GRAY, ROBERT, manufacturier, né le 3 février 1862 à Chatham, Haut-Canada, fils de William Gray et d’une prénommée Ellen ; le 28 décembre 1887, il épousa à Chatham, Ontario, Margaret Haldane McLaren, et ils eurent un fils et une fille ; décédé le 31 mars 1929 au même endroit.

Robert Gray était l’aîné des quatre enfants d’un forgeron arrivé en 1853 du Roxburghshire, en Écosse, avec sa femme. Ils s’installèrent à Chatham, où William Gray ouvrit une fabrique de voitures à chevaux. En 1883, Robert et son frère, James Scott, s’associèrent à l’entreprise, qui prit le nom de William Gray and Sons. L’année suivante, William Gray mourut après avoir glissé en descendant d’un train à Kingston, et Robert, âgé de 22 ans, prit la direction de la compagnie. Son ascension dans le milieu des affaires de Chatham fut constante ; il devint le premier président du Bureau de commerce. Le 5 janvier 1899, la William Gray and Sons Company Limited fut constituée juridiquement.

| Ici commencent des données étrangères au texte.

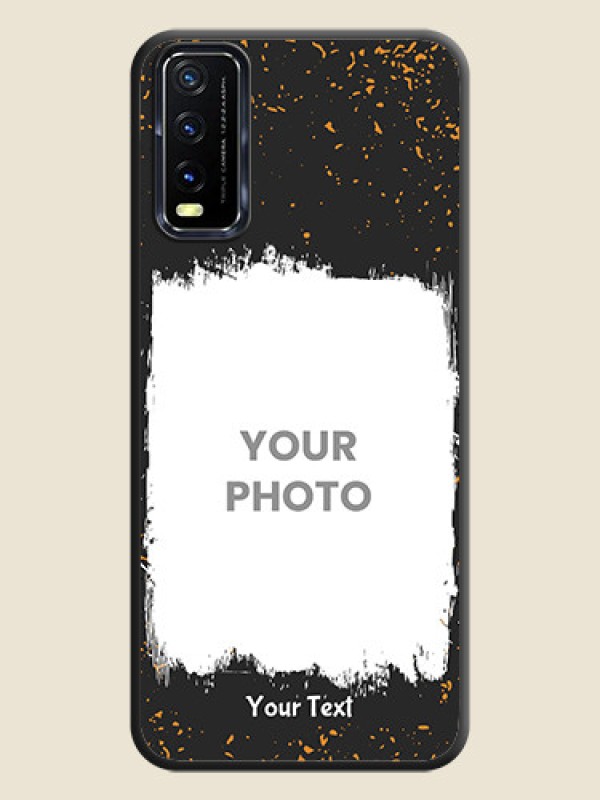 Custom Spray Free Design on Photo on Space Black Soft Matte Phone Cover - Vivo Y20T - alternate view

À l’instar de bon nombre de fabricants de voitures à chevaux, Robert Gray croyait que l’avènement de l’automobile ferait disparaître son métier. Il voyait cependant la construction de carrosseries d’automobile comme un prolongement de la production artisanale qui caractérisait l’industrie des voitures hippomobiles. Prudent, il intégra peu à peu cette activité à son entreprise. Celle-ci bâtit des carrosseries pour la Still Motor Car Company de Toronto en 1899, puis pour la Chatham Motor Car Company à compter de 1906. À son tour, le fils de Gray, William Murray, se passionnerait pour l’automobile et l’industrie naissante ; au cours de son adolescence, il motorisa un boghei. Robert Gray, qui possédait des Ford fabriquées à Detroit, fut l’un des premiers à investir dans la Ford Motor Company of Canada Limited en 1904. Il avait offert une Ford usagée en guise de paiement partiel, mais le directeur de la compagnie au Canada, Gordon Morton McGregor, l’avait poliment refusée, car il avait davantage besoin d’argent comptant. De 1906 à 1912, Gray fabriquerait aussi des carrosseries pour les Ford assemblées à Walkerville (Windsor). Désireux de voir Chatham se développer, il avait essayé d’obtenir de Ford du travail pour d’autres compagnies locales, notamment la fonderie de la McKeough and Trotter. Il fut l’un de ceux grâce à qui la Chaplin Wheel, Dowsley Spring and Axle et la société International Harvester s’établirent dans sa ville natale. Homme d’affaires perspicace, il diversifierait ses investissements. En 1912, il dissuada son fils de placer ses 6 250 $ d’économies dans des actions de Ford, même si la valeur de ses propres actions avait beaucoup augmenté.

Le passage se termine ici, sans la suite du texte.